La demande provient également du consommateur : "Les gens considèrent de plus en plus les courses comme une corvée", observe Jacques Dupré. Des grosses courses deux fois par mois évitent de multiplier les visites à l'hypermarché.

 
Evolution de la taille moyenne des achats
Produit Taille moyenne en 2012 Evolution 2002-2012 Evolution janv-août 2012
Source : SymphonyIRI
Couches culotte 53,02 unités +33,9% -1,3%
Confiseries de chocolat 0,29 kg +32,2% +3,4%
Fromage à pâte pressée cuite 0,24 kg +11,7% +1,1%
Jus de fruits 1,34 litre +10,9% -0,1%
Papier toilette 11,02 rouleaux +10,7% -1,9%
Whisky 0,86 litre +9,4% -0,7%
Café 0,44 kg +8,8% +1,6%
Colas 2,28 litres +8,8% -0,8%
Fromage frais 0,69 kg +5,9% -0,3%
Viennoiserie industrielle 0,45 kg +5,6% +0,4%
Tablettes de chocolat 0,21 kg +2,4% -0,7%
Beurre 0,28 kg +1,9% +0,2%
Oeufs 10,02 unités +1,2% +0,5%
Huile 1,05 litre -1,1% +1,1%
Champagne 0,77 litre -1,5% -0,6%
Yaourts 0,93 kg -2,4% +0,1%
Jambon cuit 0,20 kg -4,9% +0,4%
Desserts frais 0,49 kg -5,8% +0,7%

Depuis le début de l'année, pourtant, la course aux volumes semble marquer un sérieux coup d'arrêt, notamment sur les produits les plus chers. Sur les huit premiers mois de 2012, l'augmentation des formats n'est plus constatée que pour 37% des produits dont la valeur faciale dépasse les 4 euros, d'après SymphonyIRI.
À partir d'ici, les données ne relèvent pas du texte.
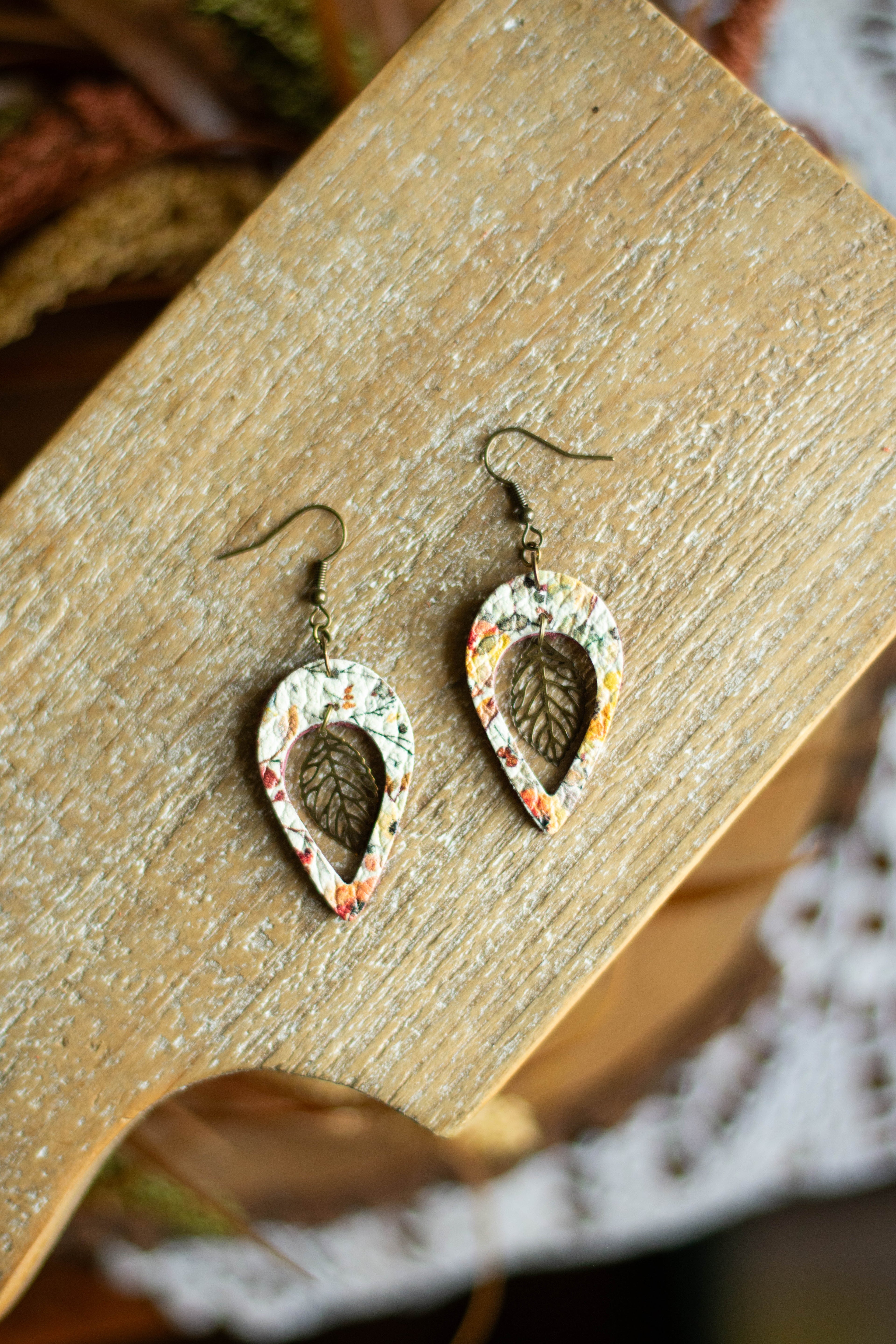 Harvest Watercolor Peek-a-Leafdrop | Small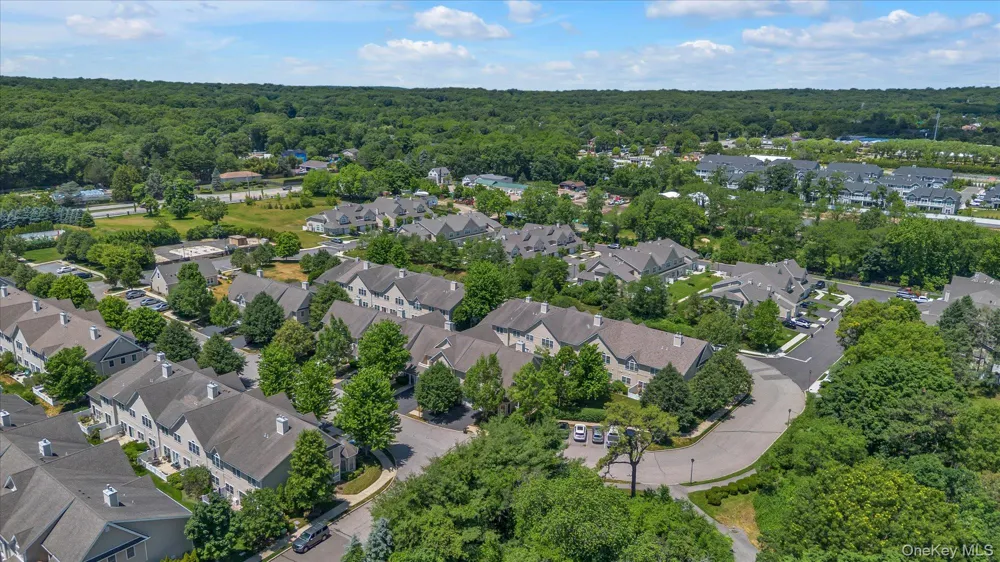 160 Christine Drive Dix Hills, NY 11746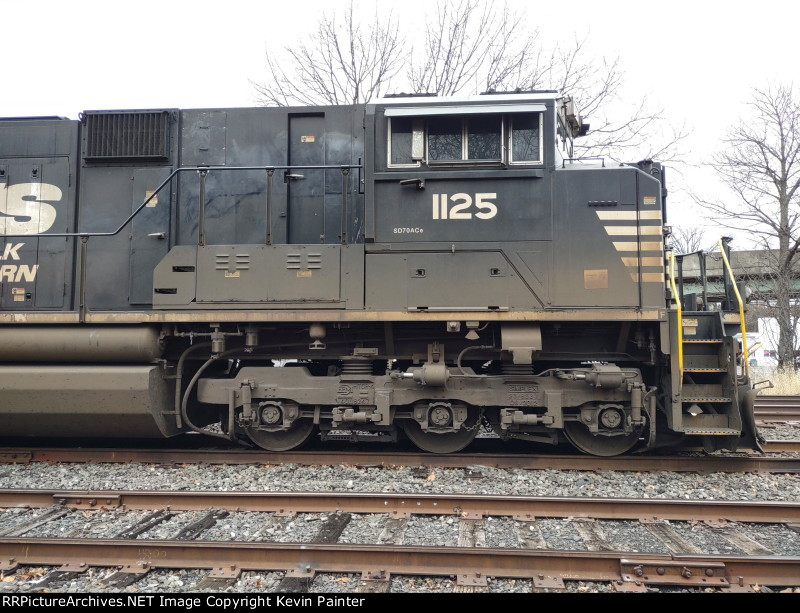 NS 1125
Un produit deux fois plus petit coûte en moyenne 30% de plus au volume

La hausse des prix et la crise amènent en effet les fabricants à revoir leur stratégie. Le patron d'Unilever a ainsi fait sensation en septembre en déclarant que "la pauvreté revenait en Europe". "Si un consommateur en Espagne ne dépense que 17 euros pour faire ses courses, je ne me vois pas lui en demander la moitié pour acheter de la poudre à laver", ajoutait-il. Au rayon alcools et sodas, les nouvelles taxes ont aussi fait leur effet : l'inflation, qui s'élève par exemple à 7,7% sur les whiskies depuis le début 2012, a amené une baisse moyenne du volume par acte d'achat de 0,7%.

A court terme, la stratégie permet d'enrayer la chute des ventes. Mais le consommateur n'est pas dupe et n'oublie pas de regarder les prix au kilo ou au litre. Or, un produit dont le format est deux fois plus petit sera vendu en moyenne 30% de plus au volume, a calculé SymphonyIRI.